_Work item:_ Copy only the lines from the one with "Volkswagen T2 Camper Classic Car" through the end of the records, exactly as they stand. No pictures belong in the copy.

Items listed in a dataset
╔══

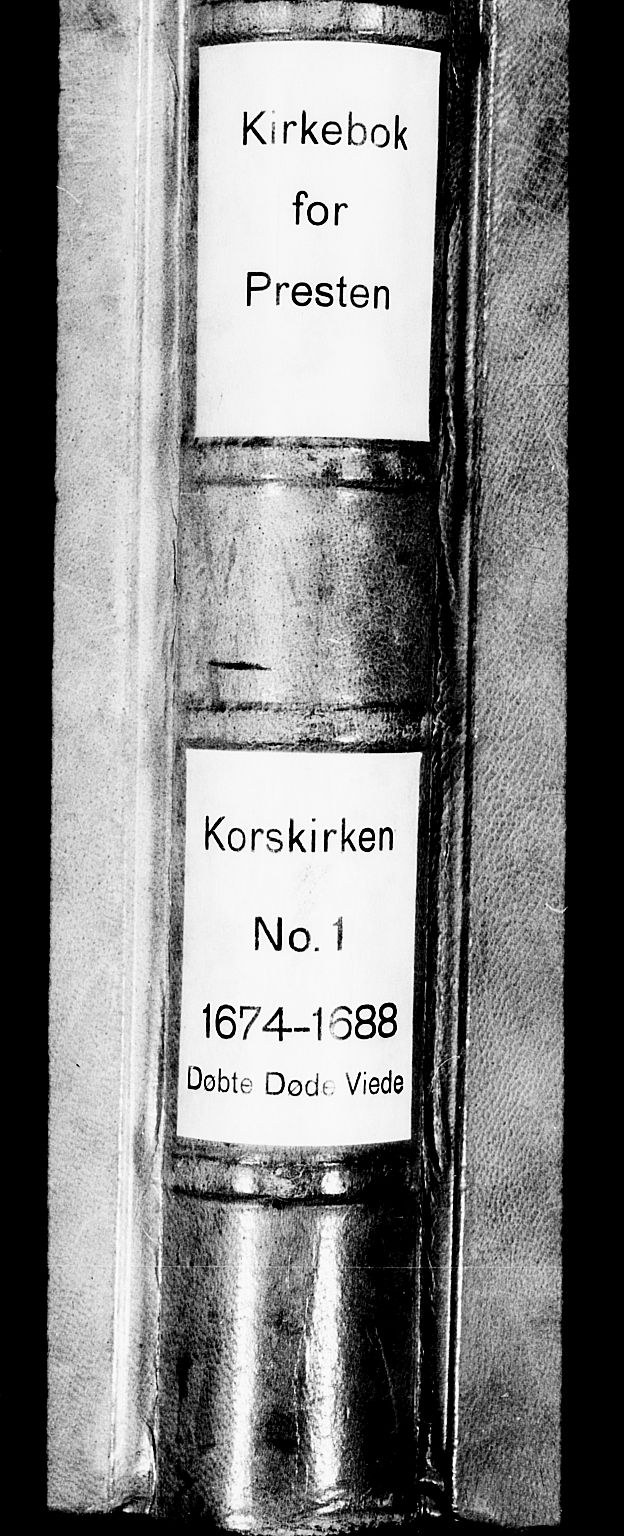 Korskirken sokneprestembete, AV/SAB-A-76101/H/Haa/L0001: Parish register (official) no. A 1, 1674-1688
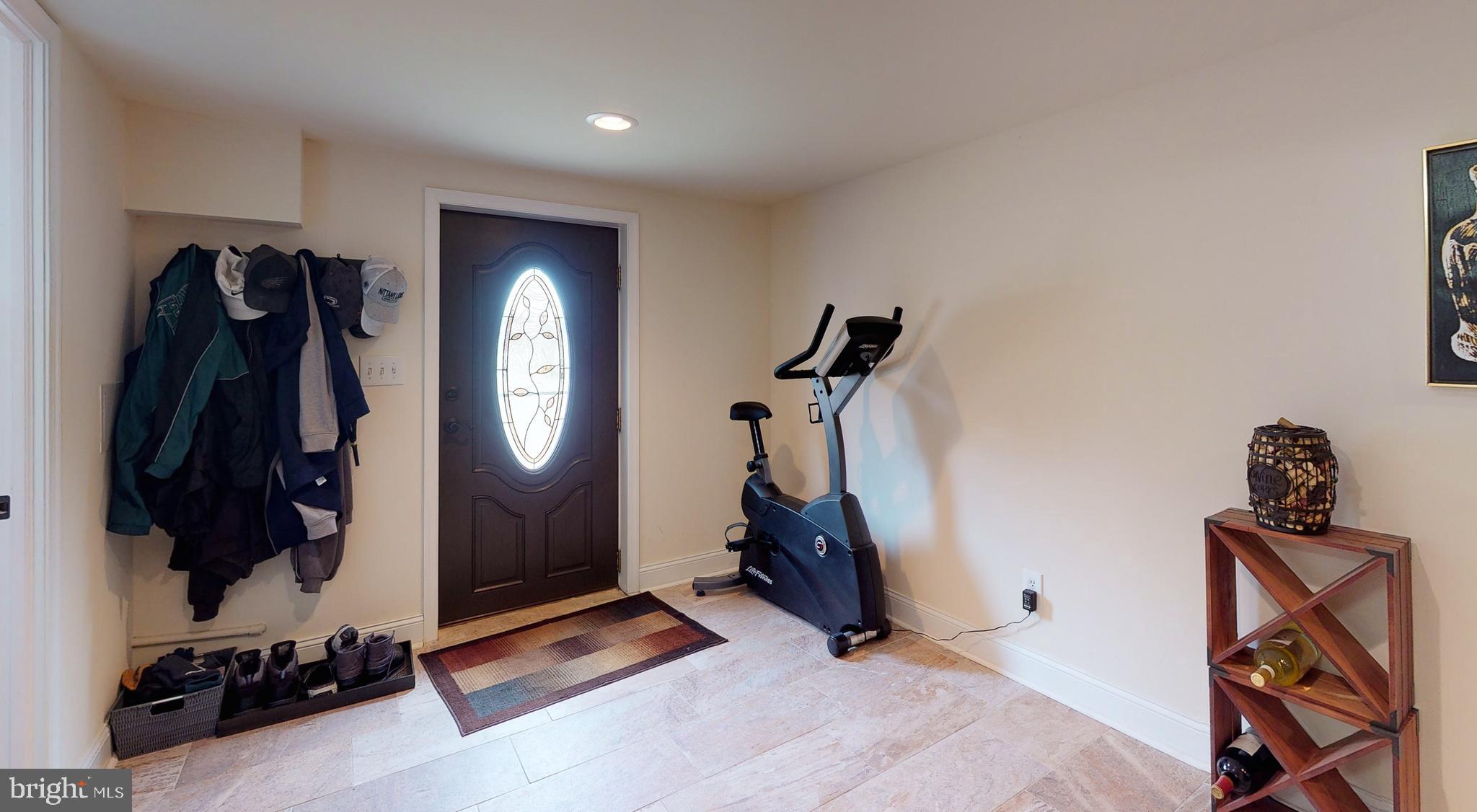 12626 Chilton Road Philadelphia, PA 19154 - Photo 33 of 60 Lower Level - Entrance from driveway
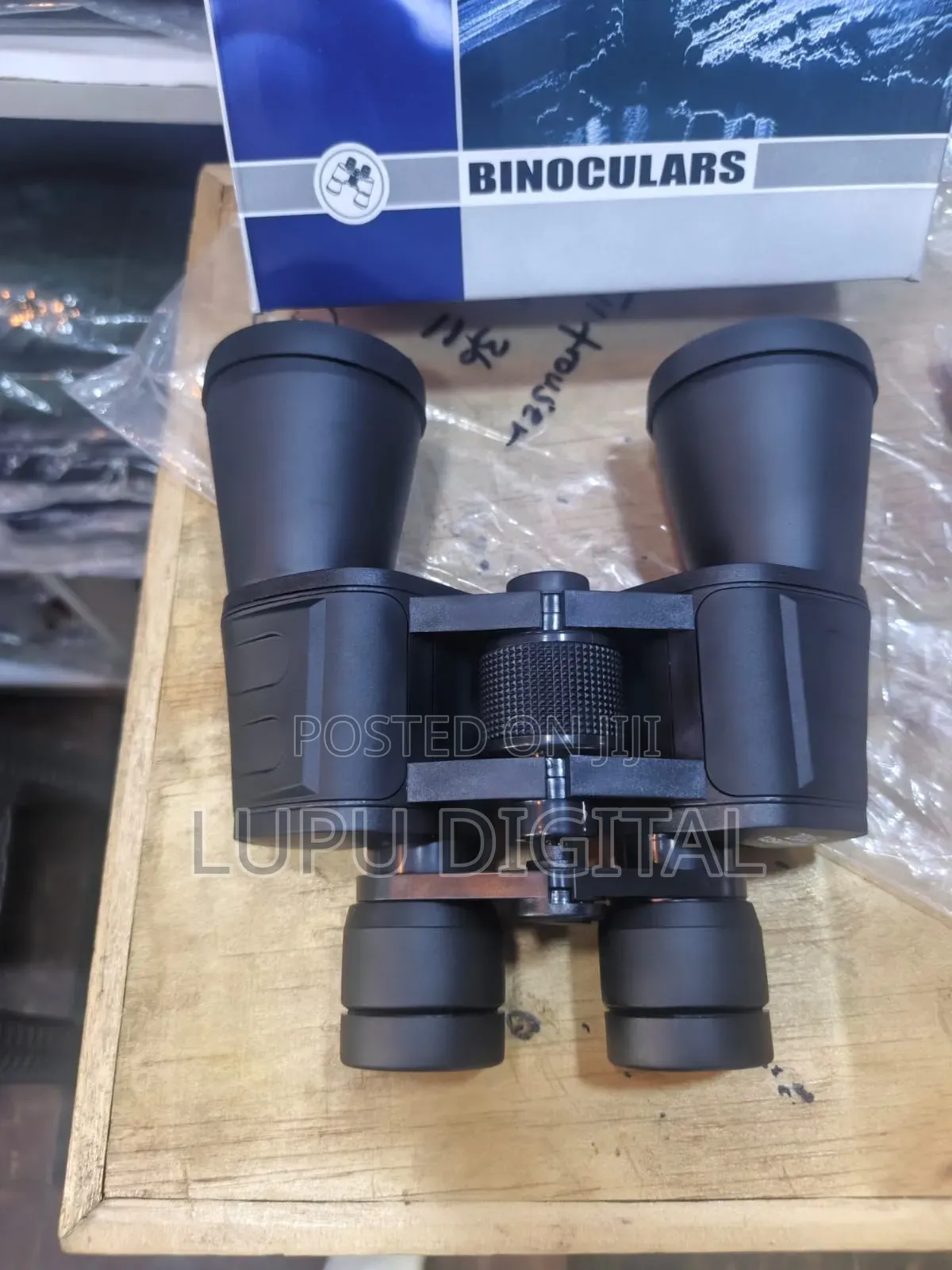 Binoculars
20 by 50
125m /1000m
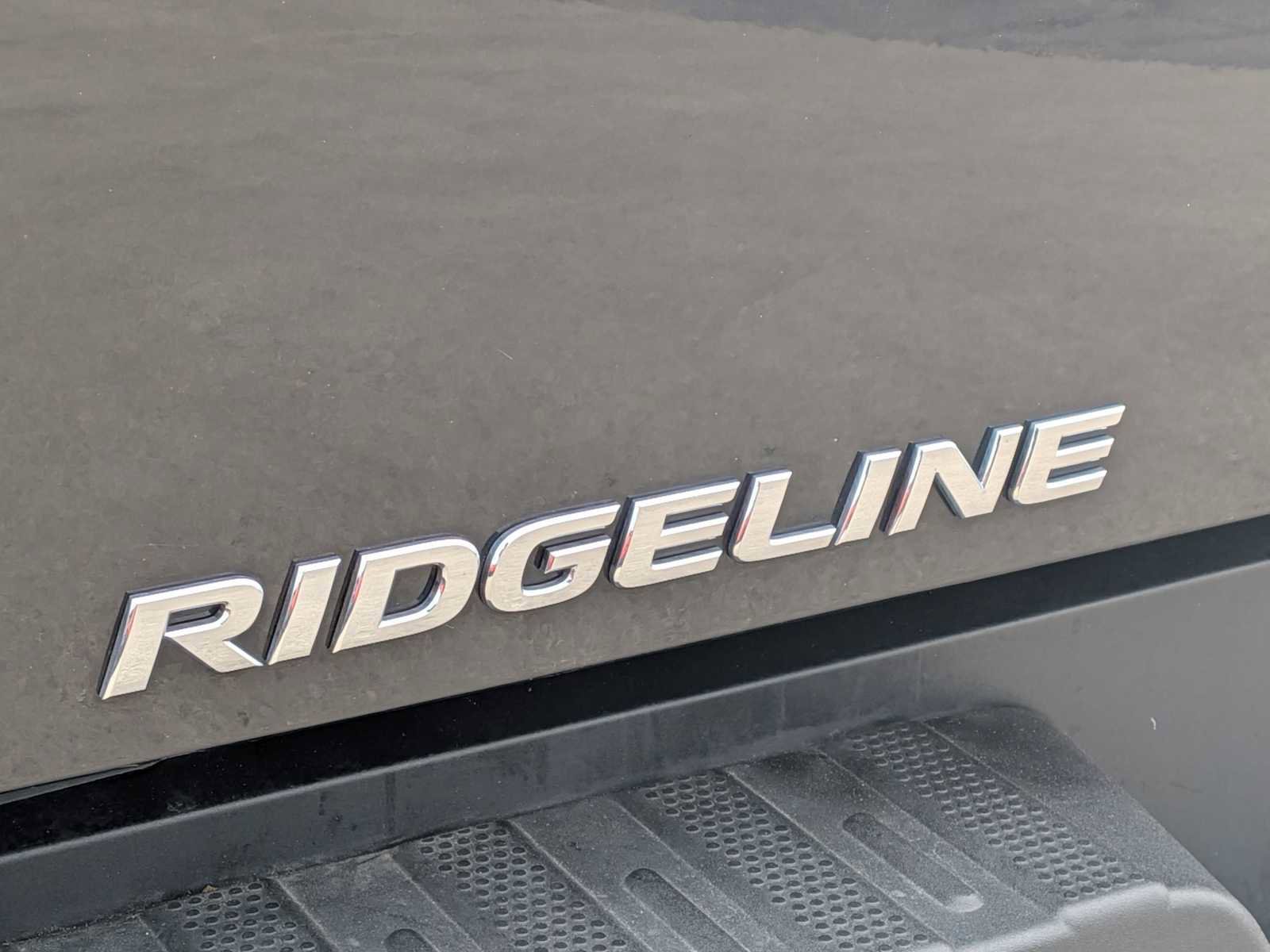 Used 2023 Honda Ridgeline Black Edition image 11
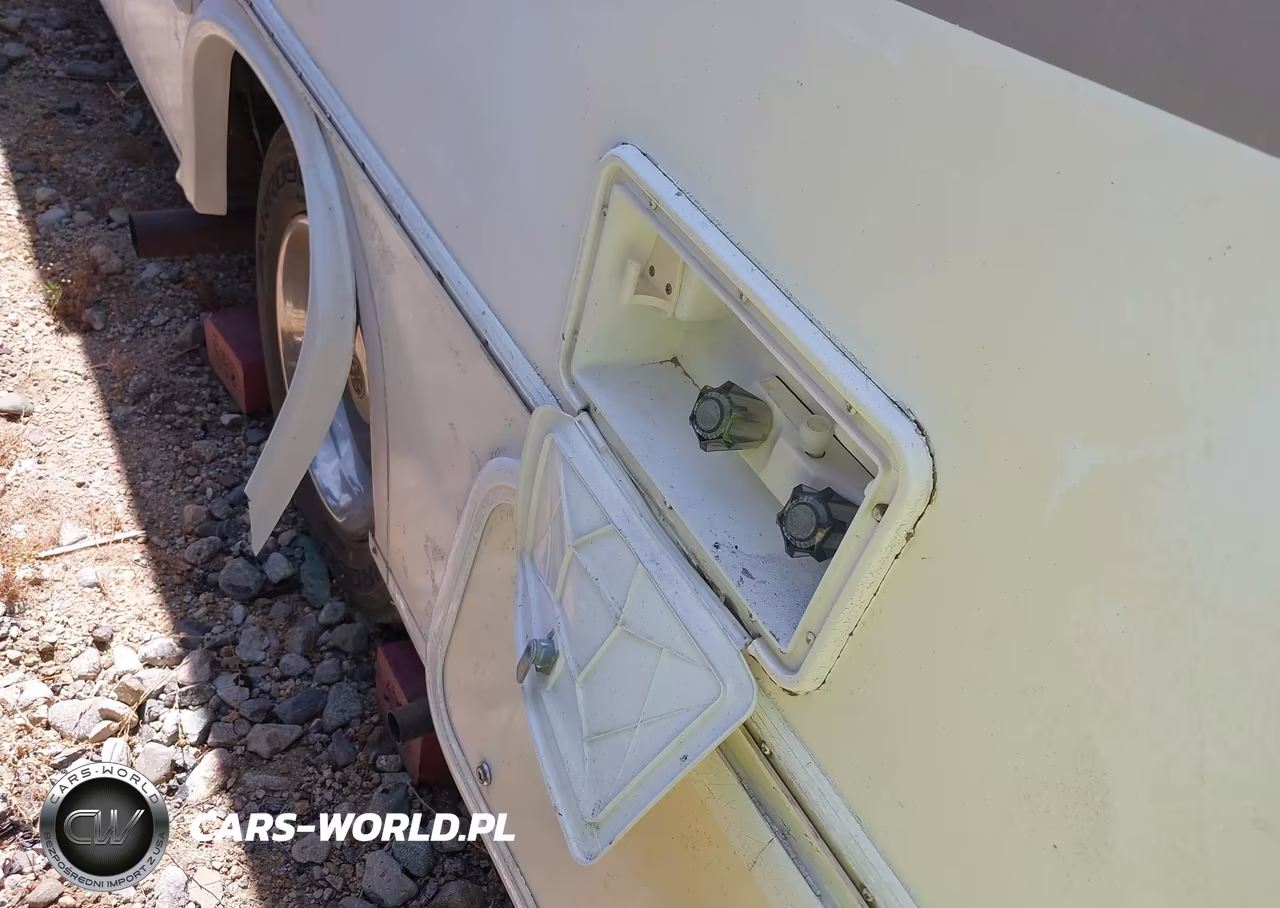1999 Ford F550 Super Duty Stripped Chass VIN:3FCLF53SXXJA22554 - 18
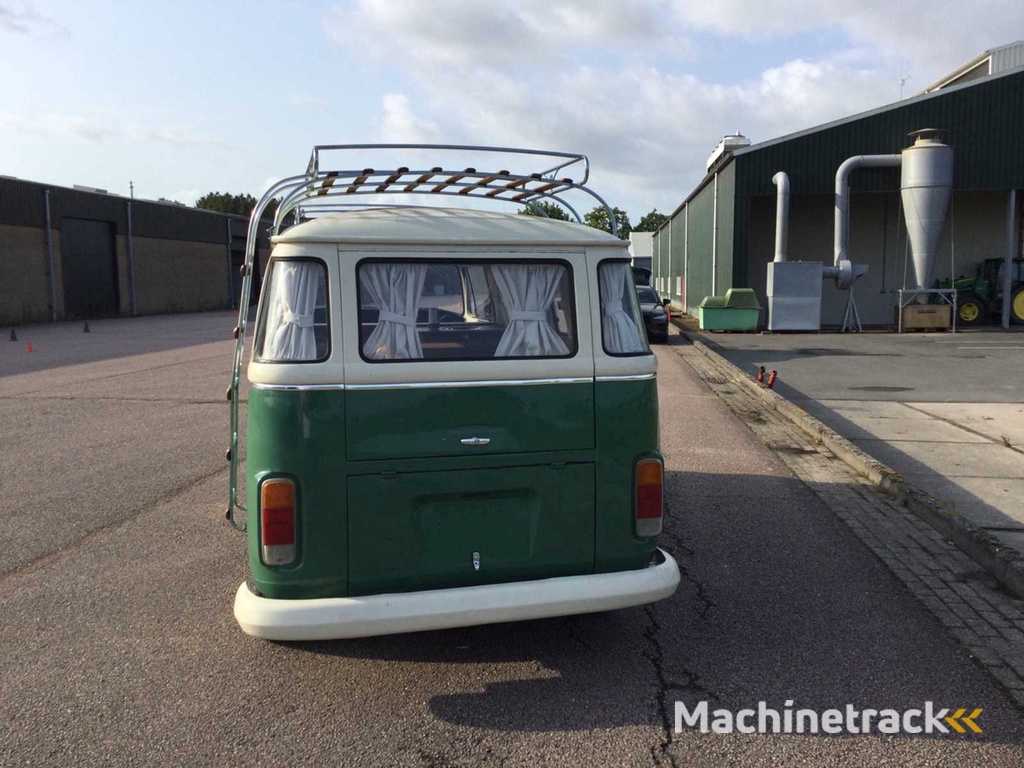 Volkswagen T2 Camper Classic Car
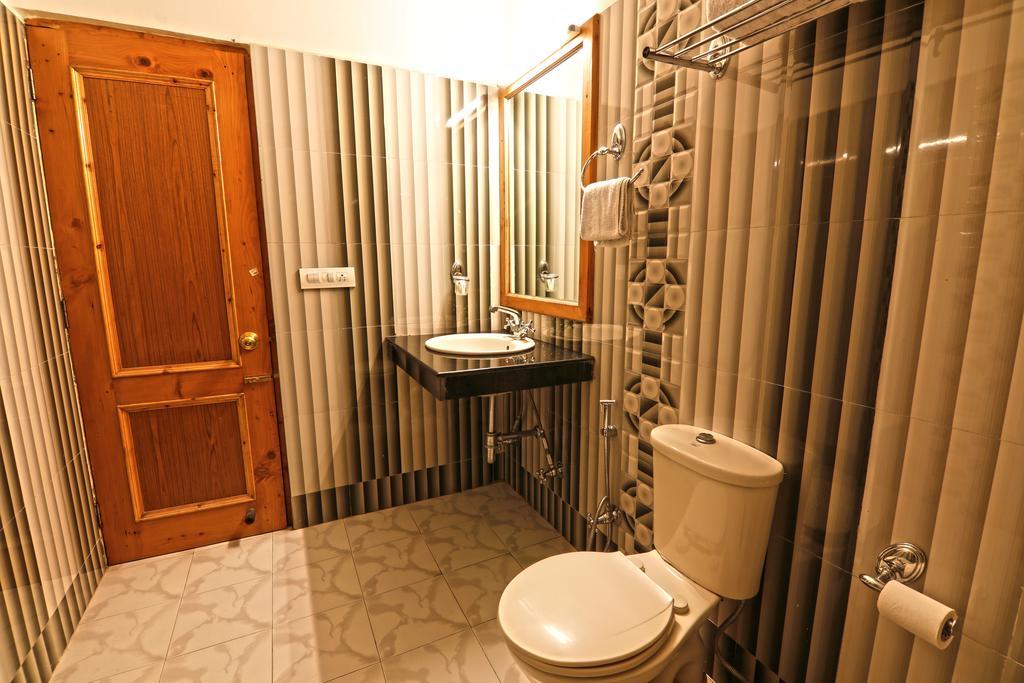 Hotel Prini Inn Manali  Bagian luar foto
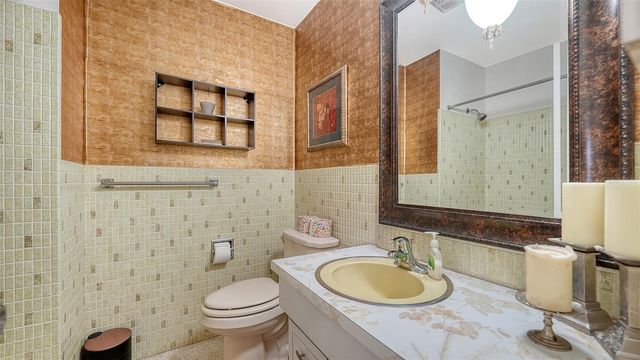 2436 BREAKWATER CIRCLE, Sarasota, FL 34231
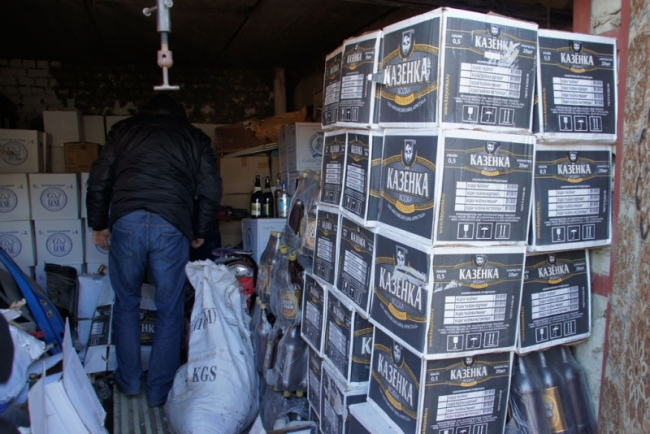 В Саратове выявлены два гаража, заставленных «элитным» алкоголем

╚══

_Exercise answer:_
 Volkswagen T2 Camper Classic Car
 Hotel Prini Inn Manali  Bagian luar foto
 2436 BREAKWATER CIRCLE, Sarasota, FL 34231
 В Саратове выявлены два гаража, заставленных «элитным» алкоголем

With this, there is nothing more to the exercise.